Renouveler le personnel politique

En Seine-Saint-Denis, l’Insoumis a été élu au premier tour de la présidentielle et tous les sièges de députés du département sont revenus à la France insoumise. Mais depuis 2022, Jean-Luc Mélenchon n’a pas mis un pied dans le département.

Les revendications des quartiers populaires restent encore trop inaudibles, appuie le chercheur Ulysse Rabaté : « Une chose est de dire que la parole est légitime, une autre est de laisser de la place à cette parole politique pour construire un projet pour la société. Cette étape-là reste à franchir », estime le chercheur. 

« Ces derniers jours, on a vu des mères de famille mises en valeur sur tous les plateaux TV. La gauche doit se demander comment faire pour laisser la place à ce type d’actrice en politique », illustre Ulysse Rabaté. Malgré quelques avancées, les partis de gauche peinent à faire émerger des personnalités issues des quartiers populaires.

« À l’Assemblée nationale, la voix de mon quartier est entendue  »

Carlos Martens Bilongo est le député de la 8ᵉ circonscription du Val-d’Oise. « J’ai été élu dans une circonscription qui a été très marquée par les violences policières de 2005 et 2007. J’avais 15 ans à cette période-là », raconte le député. À cette époque, il dit observer « un décalage générationnel et un décalage de vécu » avec les élus. « Aujourd’hui, moi, j’ai un écho et la voix de mon quartier, des villes de ma circonscription, est entendue. Là est l’intérêt d’avoir un élu qui connaît la souffrance et la fracture sociale de sa circonscription », avance-t-il.

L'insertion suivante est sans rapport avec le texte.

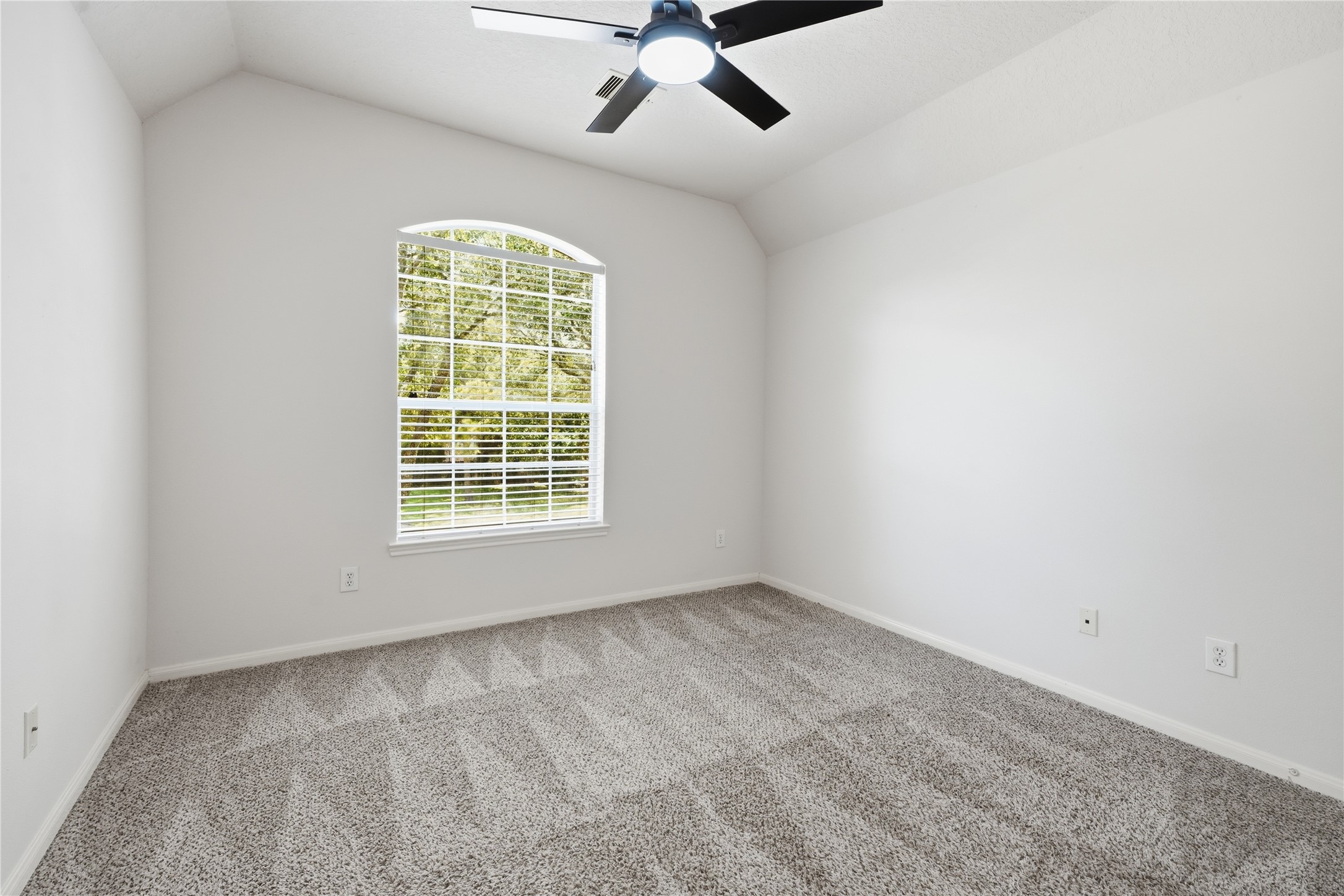 6165 Darlington Ct Court Property Photo 27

Pourtant, le soir de la mort de Nahel, le député a été chahuté lors d’une visite à Nanterre. Dans une vidéo publiée sur les réseaux sociaux, on voit Carlos Martens Bilongo, costume bleu marine et chemise blanche, pris à partie par un groupe de jeune qui lui demande de s’en aller. Il reçoit alors un coup de mortier sur la tête. « J’ai eu de très bons échanges avec les gens à Nanterre. Mais à un moment, je suis tombée dans une rue où il y avait des jeunes qui étaient plus énervés. En tant que député, pour eux, vous êtes la République, vous êtes aussi le maire… les jeunes ont tout confondu, les nerfs étaient à vif », explique-t-il.

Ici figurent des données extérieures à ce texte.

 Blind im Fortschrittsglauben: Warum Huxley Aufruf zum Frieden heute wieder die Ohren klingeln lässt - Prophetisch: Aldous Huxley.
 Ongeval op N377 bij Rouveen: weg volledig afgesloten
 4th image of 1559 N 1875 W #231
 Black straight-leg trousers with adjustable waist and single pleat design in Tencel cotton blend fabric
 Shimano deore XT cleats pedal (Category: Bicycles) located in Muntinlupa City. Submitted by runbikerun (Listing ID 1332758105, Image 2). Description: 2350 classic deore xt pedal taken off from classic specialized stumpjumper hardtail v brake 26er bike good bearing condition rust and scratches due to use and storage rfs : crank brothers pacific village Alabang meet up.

Une gauche désunie contre les violences policières

Plusieurs jours de révoltes ont suivi la mort de Nahel et chaque parti politique s’est positionné. Au sein de la Nupes, les dissonances se sont imposées tant les rapports aux violences policières divergent entre les partis et même en leur sein. Ainsi Jean-Luc Mélenchon (LFI) a refusé de répondre aux injonctions à appeler au calme, quand Fabien Roussel (PC) et Olivier Faure (PS) ont dénoncé les violences.

Au sein même de La France Insoumise, les députés ne se sont pas tous mis d’accord. Le député de Picardie, François Ruffin, a laissé entendre un point de vue différent. Le jour de la mort de Nahel, l’Amiénois a posté un message sur ses réseaux : « Porter l’uniforme de la République implique des devoirs. Pour les policiers comme pour les citoyens, enquête et justice ». Le député LFI Antoine Léaument a jugé cette réaction « mi-chèvre mi-chou » et le débat a repris de plus belle.

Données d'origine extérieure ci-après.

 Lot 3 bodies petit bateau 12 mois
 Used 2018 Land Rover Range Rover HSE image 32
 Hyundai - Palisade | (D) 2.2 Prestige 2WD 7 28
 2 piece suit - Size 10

Après la mort de Nahel, le vide politique ?

Pour donner suite aux revendications de la jeunesse, Philippe Bouyssou a notamment signé une tribune avec plus de 100 maires communistes pour exiger un débat national sur la cohésion territoriale, contre les discriminations et les précarités. À L’Assemblée nationale, les Verts et les Insoumis ont déposé des propositions de loi pour limiter le recours aux armes en cas de refus d’obtempérer.

Toujours côté parlement, le projet de loi pour accélérer la reconstruction des dégradations causées par les révoltes suit son cours au Parlement. Une commission d’enquête sur les révoltes urbaines est prévue au Sénat, à l’automne. Mais rien de probant ne semble poindre concernant la question des violences policières ou celle des conditions de vie dans les quartiers populaires.

Le remaniement qui a eu lieu jeudi 20 juillet confirme la réponse exclusivement répressive de l’exécutif ; pour la première fois de l’histoire, la politique de la ville se voit placée sous le contrôle du ministère de l’Intérieur.